Conventionally, in order to achieve parallel distributed processing of Big Data, complicated programs need to be created for synchronization processing and so on. Under Hadoop, there is no need to consider parallel distributed processing when creating programs. The user just creates programs as two applications: applications that perform Map processing and Reduce processing in accordance with MapReduce algorithms. The distributed storage and extraction of data and the parallel execution of created processing is all left up to Hadoop.
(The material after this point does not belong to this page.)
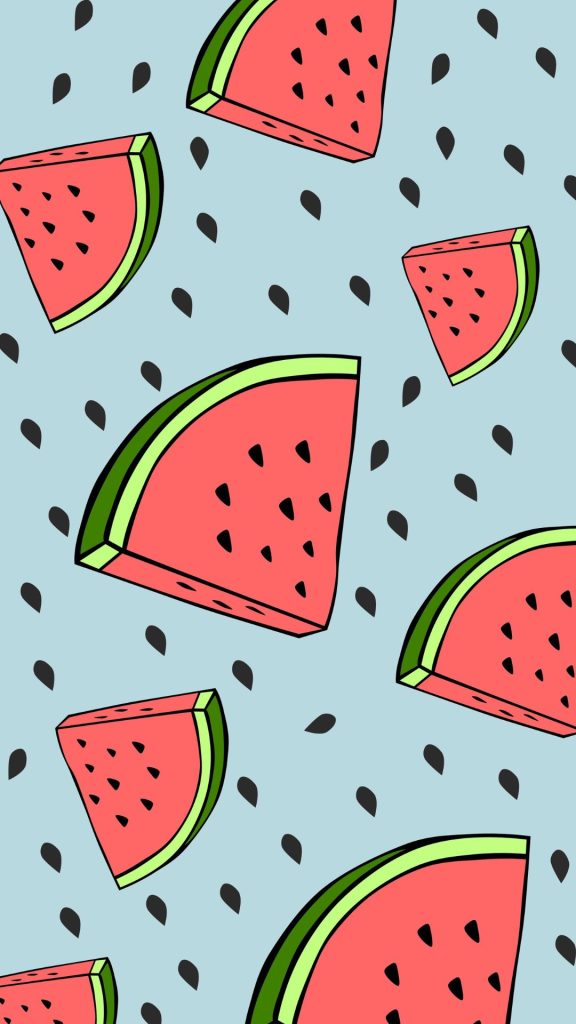 Watermelon pieces with black seeds and sky background watermelon wallpaper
The applications for performing processing under Hadoop include the following types:
MapReduce application
Java programs that operate in the Hadoop MapReduce framework are developed using the Hadoop API.
Hive query
These are queries written in an SQL-equivalent language (HiveQL) using Apache Hive, developed by The Apache Software Foundation, rather than using the Hadoop API.
Pig script
Like Hive, the Hadoop API is not used. These scripts are written using the Pig Latin language, which has functions equivalent to SQL language functions.
HBase application
The HBase API is used to develop Java programs that perform HBase data input-output and perform operations on the data in HBase.
The development of MapReduce applications is described below. Refer to the website and similar of the Apache Hadoop project for information on developing other applications.
Design the application processing logic. The processing such as input file splitting, merge, and so on, which needs to be designed under conventional parallel distributed processing, does not need to be designed because that is executed by the Hadoop framework. Therefore, developers can concentrate on designing the logic required for jobs.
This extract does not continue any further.